- Task prompt
The answer must consist solely of the lines from the one containing "Acne Scar Treatment In Pune" to the end of the entries below, repeated exactly.

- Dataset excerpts
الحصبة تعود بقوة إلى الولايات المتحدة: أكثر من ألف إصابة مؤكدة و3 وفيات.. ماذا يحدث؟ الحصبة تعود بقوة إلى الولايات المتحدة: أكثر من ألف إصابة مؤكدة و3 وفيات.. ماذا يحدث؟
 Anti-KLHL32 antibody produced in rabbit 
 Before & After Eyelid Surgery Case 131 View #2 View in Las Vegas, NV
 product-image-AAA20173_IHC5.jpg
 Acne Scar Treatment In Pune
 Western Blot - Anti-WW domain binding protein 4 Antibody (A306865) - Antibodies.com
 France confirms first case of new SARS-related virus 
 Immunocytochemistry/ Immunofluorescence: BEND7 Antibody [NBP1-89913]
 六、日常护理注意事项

- Output for this exercise
 Acne Scar Treatment In Pune
 Western Blot - Anti-WW domain binding protein 4 Antibody (A306865) - Antibodies.com
 France confirms first case of new SARS-related virus 
 Immunocytochemistry/ Immunofluorescence: BEND7 Antibody [NBP1-89913]
 六、日常护理注意事项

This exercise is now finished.